Throughout Monday UNHCR officials and a food convoy were harassed by government officials at Bojane, before NATO officials intervened. There were also continuing difficulties with registration procedures. UNHCR has yet to receive a single registration list or advance notification of when, where and how refugees are being moved from the border area.

That region remained chaotic with at least 65,000 people milling around in muddy, open fields in no-mans land, while the nearby centres remained partially empty.

In Montenegro, an estimated 1,000 refugees arrived Monday in Rozaje from the Kosovo region of Istok after walking for 13 hours. A bridge on the main road from Montenegro to Mitrovica was blown up by NATO airstrikes during the weekend, possibly halting an earlier movement of refugees from that region.

The Istok refugees said military operations began in that region a week earlier and many people had been hiding in nearby woods since then. Shelling began again during the weekend.

Earlier arrivals in Montenegro are now being moved to camping sites on the coast where they are being housed in tents.

Emergency meeting

High Commissioner Sadako Ogata said Tuesday the enforced exodus from Kosovo was a deliberate attempt to "destroy its collective identity." She told an emergency international meeting in Geneva that the expulsion of huge numbers of Kosovars was "forced, planned and directed" which made the crisis "all the more unmanageable and destabilizing."

Mrs.

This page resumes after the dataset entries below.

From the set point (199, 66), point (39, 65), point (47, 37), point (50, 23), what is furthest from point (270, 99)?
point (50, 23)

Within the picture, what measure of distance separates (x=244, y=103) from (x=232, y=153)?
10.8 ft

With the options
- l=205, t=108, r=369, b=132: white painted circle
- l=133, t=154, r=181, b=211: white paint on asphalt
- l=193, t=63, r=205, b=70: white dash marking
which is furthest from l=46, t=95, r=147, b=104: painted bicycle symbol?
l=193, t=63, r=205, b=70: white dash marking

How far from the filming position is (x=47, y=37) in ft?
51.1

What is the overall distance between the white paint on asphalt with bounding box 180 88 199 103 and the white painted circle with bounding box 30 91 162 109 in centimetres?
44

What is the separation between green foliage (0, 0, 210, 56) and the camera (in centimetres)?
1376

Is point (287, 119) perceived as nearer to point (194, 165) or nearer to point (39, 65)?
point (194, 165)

Ogata delivered her remarks to the opening session of the Humanitarian Issues Working Group (HIWG) which was convened to review the crisis and its implications for countries inside and outside the region. Fifty-six nations including Albania, the Federal Republic of Yugoslavia and the FYR of Macedonia attended the one-day session as well as the heads of humanitarian agencies and non-governmental organizations.

The High Commissioner repeated a call she made earlier in the emergency, urging countries beyond Kosovo's immediate neighbours to take in refugees on a temporary basis to help ease the immediate crisis.

Longterm, she said, "Solutions for the overwhelming majority means returning to their homes as soon as possible" backed by a strong international commitment to the stability of Kosovo.

Guidelines

UNHCR issued a set of guidelines and criteria covering temporary refuge as the first officially evacuated refugees left the region. UNHCR said all evacuations had to be on a voluntary basis only, with every effort made to respect family unity and, wherever possible, family reunification in cases where members have been separated during their initial flight. Priority should be given to particularly vulnerable people or those with special needs, though everyone should be medically fit to sustain travel.

Thus far a total of 70,000 places have been made available to Kosovars including 20,000 to Germany and other European Union countries, 20,000 each to the United States and Turkey and 5,000 each to Canada and Norway.

Ninety people left Monday for Norway. Another 1,360 went to Turkey, but UNHCR expressed concern that the majority of these people had not been properly registered before they left. A special UNHCR team was en route to Skopje to handle future refugee registration.